#### Materials provided

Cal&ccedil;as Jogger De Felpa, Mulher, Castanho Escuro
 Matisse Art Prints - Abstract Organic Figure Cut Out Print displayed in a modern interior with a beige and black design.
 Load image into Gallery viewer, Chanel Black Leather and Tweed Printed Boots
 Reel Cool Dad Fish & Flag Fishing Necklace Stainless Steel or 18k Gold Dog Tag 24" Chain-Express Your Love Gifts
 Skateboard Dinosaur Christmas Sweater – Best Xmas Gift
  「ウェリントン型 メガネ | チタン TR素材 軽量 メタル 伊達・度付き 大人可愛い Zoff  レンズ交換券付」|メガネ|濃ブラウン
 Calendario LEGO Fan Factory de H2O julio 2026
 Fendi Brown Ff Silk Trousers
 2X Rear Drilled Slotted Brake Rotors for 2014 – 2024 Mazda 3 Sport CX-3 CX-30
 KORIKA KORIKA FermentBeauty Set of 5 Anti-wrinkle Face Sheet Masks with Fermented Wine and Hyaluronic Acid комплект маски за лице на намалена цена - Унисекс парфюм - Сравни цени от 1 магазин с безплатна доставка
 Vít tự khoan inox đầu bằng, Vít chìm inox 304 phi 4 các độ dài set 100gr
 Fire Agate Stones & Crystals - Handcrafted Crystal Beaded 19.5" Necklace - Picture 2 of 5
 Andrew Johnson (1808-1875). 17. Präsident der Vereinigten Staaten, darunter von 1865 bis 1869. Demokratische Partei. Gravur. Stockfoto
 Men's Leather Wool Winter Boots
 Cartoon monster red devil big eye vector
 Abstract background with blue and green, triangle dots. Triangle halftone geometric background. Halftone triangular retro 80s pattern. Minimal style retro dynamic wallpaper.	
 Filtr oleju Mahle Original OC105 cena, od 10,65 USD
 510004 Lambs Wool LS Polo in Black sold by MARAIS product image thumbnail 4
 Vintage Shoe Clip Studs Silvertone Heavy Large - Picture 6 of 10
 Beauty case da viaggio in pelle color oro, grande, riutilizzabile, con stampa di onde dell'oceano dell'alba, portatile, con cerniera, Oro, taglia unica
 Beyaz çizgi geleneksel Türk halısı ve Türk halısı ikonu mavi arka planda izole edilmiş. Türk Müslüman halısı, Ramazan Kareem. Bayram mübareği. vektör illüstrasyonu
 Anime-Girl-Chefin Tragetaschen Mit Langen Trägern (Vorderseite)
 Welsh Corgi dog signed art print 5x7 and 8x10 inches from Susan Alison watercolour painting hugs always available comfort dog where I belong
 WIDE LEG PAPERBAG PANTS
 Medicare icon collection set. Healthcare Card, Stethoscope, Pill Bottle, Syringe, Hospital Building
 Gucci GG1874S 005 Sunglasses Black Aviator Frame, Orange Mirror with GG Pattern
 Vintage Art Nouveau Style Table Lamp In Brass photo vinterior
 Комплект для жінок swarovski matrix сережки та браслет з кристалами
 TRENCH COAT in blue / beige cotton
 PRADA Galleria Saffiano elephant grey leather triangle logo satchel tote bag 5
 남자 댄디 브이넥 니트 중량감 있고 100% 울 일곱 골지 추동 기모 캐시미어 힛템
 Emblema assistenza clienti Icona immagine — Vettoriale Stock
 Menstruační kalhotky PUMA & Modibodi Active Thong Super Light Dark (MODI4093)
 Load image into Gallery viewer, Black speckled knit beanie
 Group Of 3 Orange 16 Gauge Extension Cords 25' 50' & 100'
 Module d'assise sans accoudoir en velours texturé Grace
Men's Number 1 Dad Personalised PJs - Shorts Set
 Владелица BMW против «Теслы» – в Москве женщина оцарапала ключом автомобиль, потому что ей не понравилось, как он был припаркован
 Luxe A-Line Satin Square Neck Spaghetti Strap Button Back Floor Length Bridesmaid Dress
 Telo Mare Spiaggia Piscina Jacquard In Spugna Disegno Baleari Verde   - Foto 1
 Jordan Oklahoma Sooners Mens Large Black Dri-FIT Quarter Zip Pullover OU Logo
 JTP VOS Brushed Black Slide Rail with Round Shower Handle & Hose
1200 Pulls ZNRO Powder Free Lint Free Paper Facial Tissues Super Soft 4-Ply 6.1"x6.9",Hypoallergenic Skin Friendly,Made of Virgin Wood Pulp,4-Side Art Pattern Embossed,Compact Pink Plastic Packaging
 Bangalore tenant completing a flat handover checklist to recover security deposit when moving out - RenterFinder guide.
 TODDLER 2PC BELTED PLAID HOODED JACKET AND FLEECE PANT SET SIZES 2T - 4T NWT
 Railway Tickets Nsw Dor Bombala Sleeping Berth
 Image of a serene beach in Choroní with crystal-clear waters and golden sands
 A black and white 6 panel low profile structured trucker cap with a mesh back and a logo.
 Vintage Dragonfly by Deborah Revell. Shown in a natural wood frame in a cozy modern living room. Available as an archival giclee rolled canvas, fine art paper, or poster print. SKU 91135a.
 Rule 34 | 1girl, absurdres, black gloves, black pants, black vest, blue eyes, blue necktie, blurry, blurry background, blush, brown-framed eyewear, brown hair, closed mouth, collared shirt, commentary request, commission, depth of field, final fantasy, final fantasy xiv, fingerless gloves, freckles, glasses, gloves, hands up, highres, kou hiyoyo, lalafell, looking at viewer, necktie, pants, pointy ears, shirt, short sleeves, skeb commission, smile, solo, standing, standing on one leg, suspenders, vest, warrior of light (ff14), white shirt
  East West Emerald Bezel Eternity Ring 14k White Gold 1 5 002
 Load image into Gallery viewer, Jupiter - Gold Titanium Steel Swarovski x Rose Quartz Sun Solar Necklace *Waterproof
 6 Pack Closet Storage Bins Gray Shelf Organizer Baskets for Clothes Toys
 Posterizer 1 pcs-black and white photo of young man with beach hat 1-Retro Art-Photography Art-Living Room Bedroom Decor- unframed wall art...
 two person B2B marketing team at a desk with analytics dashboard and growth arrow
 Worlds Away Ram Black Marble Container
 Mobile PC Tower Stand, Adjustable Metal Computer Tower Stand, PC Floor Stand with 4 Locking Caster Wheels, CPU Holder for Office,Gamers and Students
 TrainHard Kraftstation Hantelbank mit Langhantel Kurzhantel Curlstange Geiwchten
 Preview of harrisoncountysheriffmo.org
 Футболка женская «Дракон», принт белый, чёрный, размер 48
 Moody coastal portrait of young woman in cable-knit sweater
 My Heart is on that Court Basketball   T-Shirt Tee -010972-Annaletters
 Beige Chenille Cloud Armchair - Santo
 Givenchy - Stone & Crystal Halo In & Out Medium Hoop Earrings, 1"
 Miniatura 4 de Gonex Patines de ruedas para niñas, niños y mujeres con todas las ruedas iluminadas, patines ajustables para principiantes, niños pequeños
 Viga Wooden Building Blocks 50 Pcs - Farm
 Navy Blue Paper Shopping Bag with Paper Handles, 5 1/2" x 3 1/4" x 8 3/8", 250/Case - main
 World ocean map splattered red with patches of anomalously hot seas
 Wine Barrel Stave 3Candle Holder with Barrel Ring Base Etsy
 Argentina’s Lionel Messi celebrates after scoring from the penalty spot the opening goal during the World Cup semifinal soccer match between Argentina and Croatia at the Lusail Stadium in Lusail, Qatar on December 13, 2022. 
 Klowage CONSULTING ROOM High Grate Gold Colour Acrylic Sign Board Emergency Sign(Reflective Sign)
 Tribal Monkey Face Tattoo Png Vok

########

The span to give again runs from the line with "Miniatura 4 de" through the last line of the records above; reproduce it exactly and nothing more.

 Miniatura 4 de Gonex Patines de ruedas para niñas, niños y mujeres con todas las ruedas iluminadas, patines ajustables para principiantes, niños pequeños
 Viga Wooden Building Blocks 50 Pcs - Farm
 Navy Blue Paper Shopping Bag with Paper Handles, 5 1/2" x 3 1/4" x 8 3/8", 250/Case - main
 World ocean map splattered red with patches of anomalously hot seas
 Wine Barrel Stave 3Candle Holder with Barrel Ring Base Etsy
 Argentina’s Lionel Messi celebrates after scoring from the penalty spot the opening goal during the World Cup semifinal soccer match between Argentina and Croatia at the Lusail Stadium in Lusail, Qatar on December 13, 2022. 
 Klowage CONSULTING ROOM High Grate Gold Colour Acrylic Sign Board Emergency Sign(Reflective Sign)
 Tribal Monkey Face Tattoo Png Vok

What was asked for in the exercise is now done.